## Task goal
Write again exactly the lines in the listing below, starting at the line with "S’mores Bar Rental" and ending at the line with "Basket household laundry", both included. Pictures are not copied.

## Entries supplied
────────────────────────────────────────

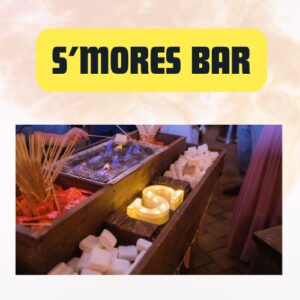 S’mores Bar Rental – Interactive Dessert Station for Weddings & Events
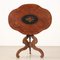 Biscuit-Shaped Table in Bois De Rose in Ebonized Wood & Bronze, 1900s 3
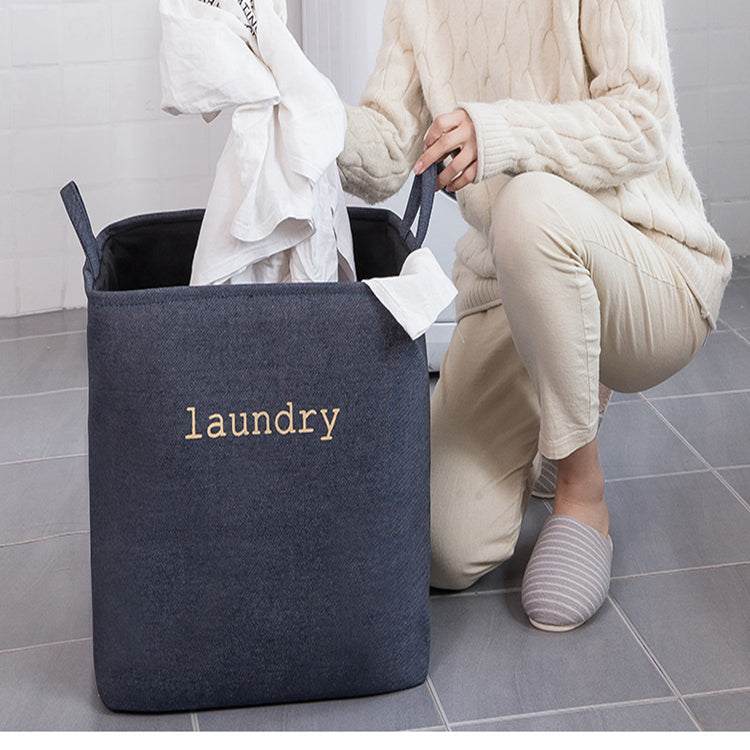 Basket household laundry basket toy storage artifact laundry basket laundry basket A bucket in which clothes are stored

────────────────────────────────────────

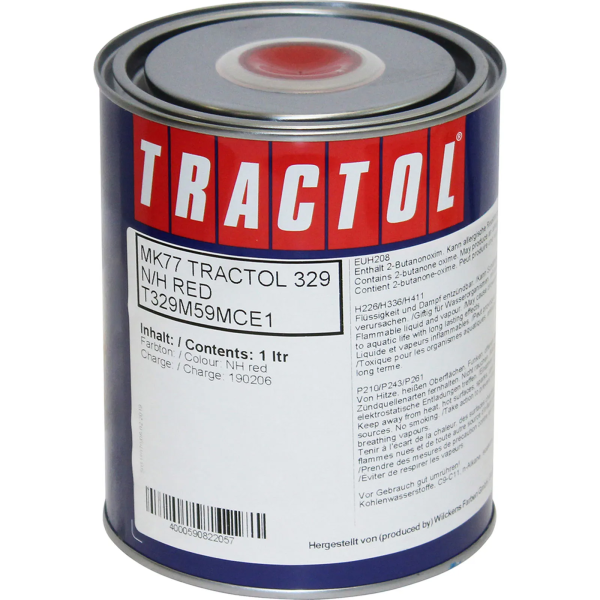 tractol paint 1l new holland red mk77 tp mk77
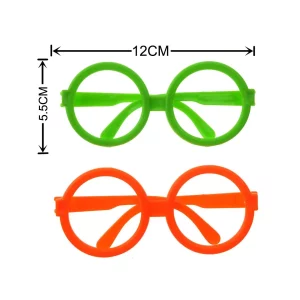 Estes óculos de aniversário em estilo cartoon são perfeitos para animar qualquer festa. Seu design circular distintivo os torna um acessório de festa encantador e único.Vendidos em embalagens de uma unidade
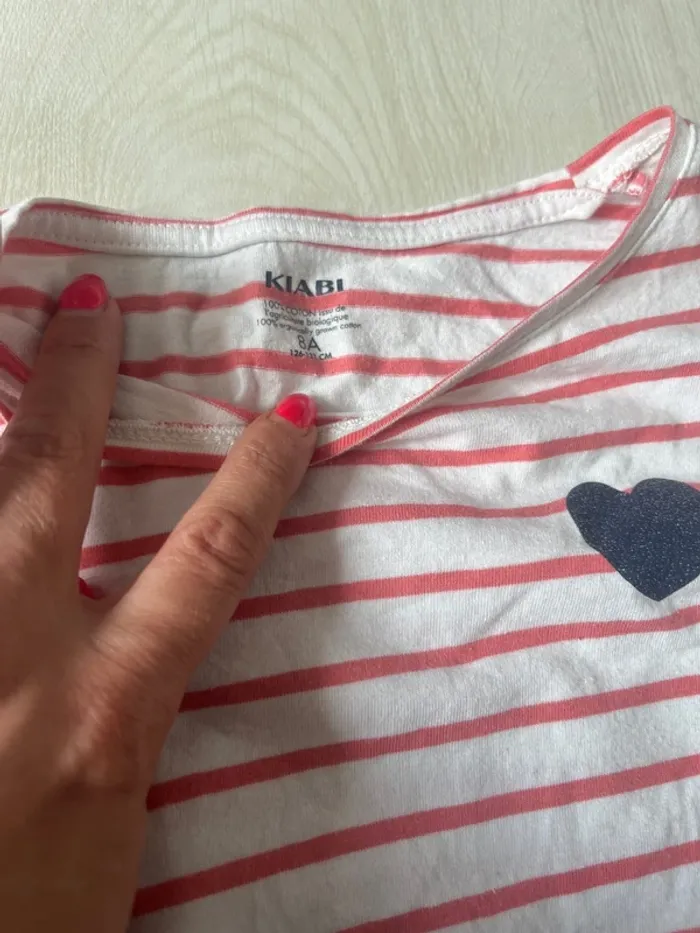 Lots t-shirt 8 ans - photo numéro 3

────────────────────────────────────────

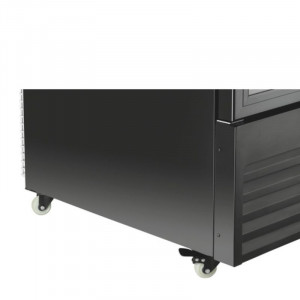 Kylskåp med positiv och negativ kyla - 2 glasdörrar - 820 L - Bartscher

────────────────────────────────────────

## Task output
 S’mores Bar Rental – Interactive Dessert Station for Weddings & Events
 Biscuit-Shaped Table in Bois De Rose in Ebonized Wood & Bronze, 1900s 3
 Basket household laundry basket toy storage artifact laundry basket laundry basket A bucket in which clothes are stored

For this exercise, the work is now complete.